# How to complete this task
The word "Sleeve" occurs in some lines of the data. Return each such line.

# Data provided
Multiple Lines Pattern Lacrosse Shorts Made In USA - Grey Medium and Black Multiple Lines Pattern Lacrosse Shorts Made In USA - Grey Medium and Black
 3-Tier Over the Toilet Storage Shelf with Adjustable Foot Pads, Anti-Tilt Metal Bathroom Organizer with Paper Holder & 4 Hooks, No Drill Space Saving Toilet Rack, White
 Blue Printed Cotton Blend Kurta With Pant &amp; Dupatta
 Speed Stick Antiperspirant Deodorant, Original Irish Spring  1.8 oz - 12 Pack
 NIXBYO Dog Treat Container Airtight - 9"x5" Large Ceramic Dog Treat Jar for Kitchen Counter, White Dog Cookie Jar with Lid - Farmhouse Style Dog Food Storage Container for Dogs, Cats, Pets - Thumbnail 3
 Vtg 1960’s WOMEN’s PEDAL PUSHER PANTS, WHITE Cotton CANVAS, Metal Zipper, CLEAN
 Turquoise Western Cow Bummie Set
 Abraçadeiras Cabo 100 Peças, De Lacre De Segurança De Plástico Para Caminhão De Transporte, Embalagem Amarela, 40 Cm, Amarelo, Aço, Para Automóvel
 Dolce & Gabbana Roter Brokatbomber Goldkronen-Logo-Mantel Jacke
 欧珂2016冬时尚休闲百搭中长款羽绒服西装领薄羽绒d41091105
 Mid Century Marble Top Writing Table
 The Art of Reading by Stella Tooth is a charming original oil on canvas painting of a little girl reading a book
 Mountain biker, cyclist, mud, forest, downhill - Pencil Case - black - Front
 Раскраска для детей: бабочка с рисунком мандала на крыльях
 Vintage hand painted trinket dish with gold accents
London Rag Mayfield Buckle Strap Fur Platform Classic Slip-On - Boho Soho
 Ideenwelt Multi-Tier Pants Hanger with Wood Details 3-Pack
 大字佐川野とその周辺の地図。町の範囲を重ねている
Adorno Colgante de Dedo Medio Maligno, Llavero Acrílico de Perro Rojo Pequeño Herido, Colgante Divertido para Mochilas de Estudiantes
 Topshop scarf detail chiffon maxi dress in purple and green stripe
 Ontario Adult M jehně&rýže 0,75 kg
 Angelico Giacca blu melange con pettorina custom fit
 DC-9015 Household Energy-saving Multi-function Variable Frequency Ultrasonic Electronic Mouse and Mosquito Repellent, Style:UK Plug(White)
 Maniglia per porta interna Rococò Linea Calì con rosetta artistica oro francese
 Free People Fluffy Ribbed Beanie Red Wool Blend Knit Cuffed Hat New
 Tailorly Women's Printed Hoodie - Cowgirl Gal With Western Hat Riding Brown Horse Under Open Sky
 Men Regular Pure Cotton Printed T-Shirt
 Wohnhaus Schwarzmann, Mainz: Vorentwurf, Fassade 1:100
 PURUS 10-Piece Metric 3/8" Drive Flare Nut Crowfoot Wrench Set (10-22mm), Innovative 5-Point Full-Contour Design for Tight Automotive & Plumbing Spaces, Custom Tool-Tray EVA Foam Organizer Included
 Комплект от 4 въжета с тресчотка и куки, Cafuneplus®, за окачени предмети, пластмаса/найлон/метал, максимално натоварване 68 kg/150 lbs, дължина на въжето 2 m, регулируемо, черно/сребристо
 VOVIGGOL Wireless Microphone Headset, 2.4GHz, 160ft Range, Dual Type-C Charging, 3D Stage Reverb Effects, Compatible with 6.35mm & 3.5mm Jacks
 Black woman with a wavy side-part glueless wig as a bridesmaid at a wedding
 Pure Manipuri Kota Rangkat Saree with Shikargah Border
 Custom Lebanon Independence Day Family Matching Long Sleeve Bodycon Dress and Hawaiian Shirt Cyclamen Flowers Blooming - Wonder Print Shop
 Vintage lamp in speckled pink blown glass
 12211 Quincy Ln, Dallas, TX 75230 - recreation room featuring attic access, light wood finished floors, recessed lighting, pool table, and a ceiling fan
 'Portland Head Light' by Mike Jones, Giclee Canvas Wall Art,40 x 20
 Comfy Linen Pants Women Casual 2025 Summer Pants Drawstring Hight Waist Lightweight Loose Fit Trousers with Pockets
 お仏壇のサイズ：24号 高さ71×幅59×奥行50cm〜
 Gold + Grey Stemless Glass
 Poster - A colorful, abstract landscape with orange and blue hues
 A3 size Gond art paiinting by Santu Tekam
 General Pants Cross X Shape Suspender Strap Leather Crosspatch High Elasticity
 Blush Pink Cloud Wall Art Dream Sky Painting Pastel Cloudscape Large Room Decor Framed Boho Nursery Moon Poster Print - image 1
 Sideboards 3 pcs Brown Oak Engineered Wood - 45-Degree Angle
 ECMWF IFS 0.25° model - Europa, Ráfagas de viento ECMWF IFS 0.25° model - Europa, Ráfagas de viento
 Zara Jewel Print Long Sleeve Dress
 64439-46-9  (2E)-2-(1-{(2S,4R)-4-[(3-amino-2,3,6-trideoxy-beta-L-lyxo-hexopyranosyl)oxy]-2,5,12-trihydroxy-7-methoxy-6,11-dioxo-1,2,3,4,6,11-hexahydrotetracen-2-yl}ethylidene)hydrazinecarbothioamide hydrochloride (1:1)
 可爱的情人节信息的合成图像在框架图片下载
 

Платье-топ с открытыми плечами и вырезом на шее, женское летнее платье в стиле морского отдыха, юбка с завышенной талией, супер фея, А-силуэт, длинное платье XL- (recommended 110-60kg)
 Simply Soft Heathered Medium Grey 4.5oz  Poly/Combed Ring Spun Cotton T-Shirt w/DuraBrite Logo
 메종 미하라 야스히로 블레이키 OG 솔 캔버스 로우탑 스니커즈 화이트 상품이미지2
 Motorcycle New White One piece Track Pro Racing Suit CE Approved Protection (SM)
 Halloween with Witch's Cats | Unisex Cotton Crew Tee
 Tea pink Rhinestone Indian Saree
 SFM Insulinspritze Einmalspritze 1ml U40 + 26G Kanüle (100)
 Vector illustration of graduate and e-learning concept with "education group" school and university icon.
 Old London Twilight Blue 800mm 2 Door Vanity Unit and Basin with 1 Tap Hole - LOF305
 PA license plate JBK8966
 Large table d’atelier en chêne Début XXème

# Exercise result
 Custom Lebanon Independence Day Family Matching Long Sleeve Bodycon Dress and Hawaiian Shirt Cyclamen Flowers Blooming - Wonder Print Shop
 Zara Jewel Print Long Sleeve Dress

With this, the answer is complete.